*DATA BLOCK*.
========

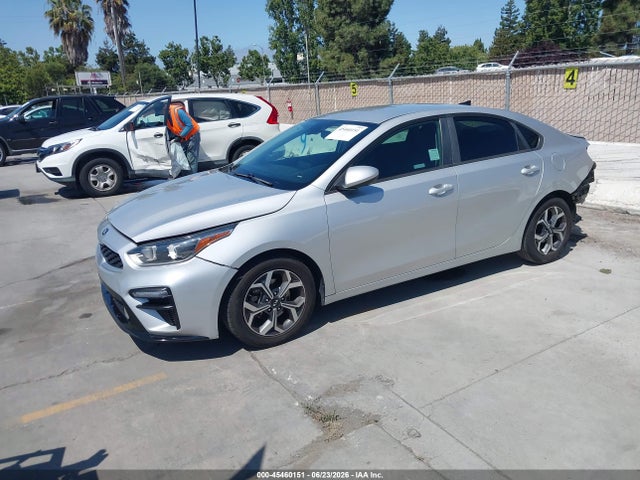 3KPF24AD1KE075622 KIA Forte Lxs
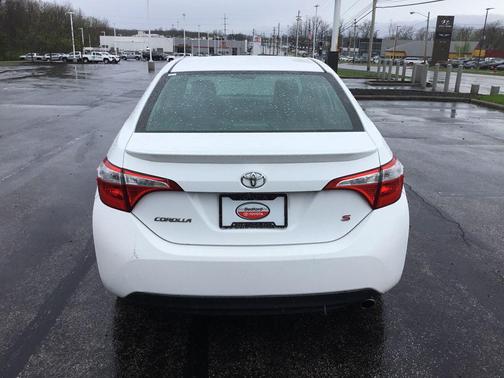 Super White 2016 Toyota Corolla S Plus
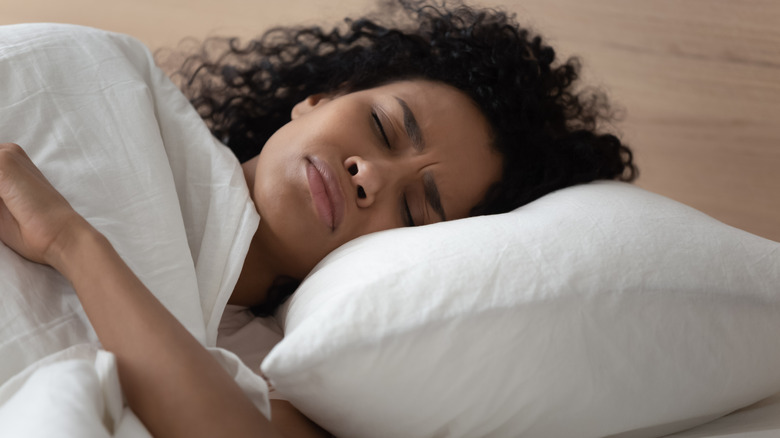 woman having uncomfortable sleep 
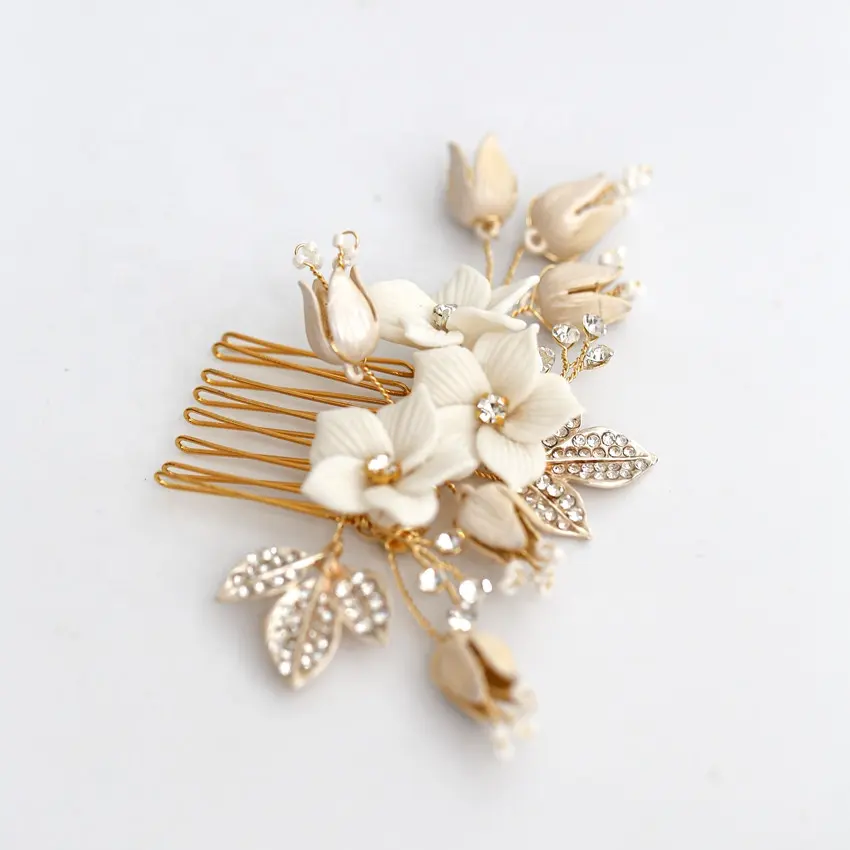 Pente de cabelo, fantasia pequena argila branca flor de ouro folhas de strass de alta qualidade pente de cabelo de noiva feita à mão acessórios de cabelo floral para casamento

========

*TASK BRIEF*. Skip the pictures. Write out exactly the lines from the one with "woman having uncomfortable sleep" through the last line of the listing, both ends included, and nothing more.

*TASK RESULT*.
 woman having uncomfortable sleep 
 Pente de cabelo, fantasia pequena argila branca flor de ouro folhas de strass de alta qualidade pente de cabelo de noiva feita à mão acessórios de cabelo floral para casamento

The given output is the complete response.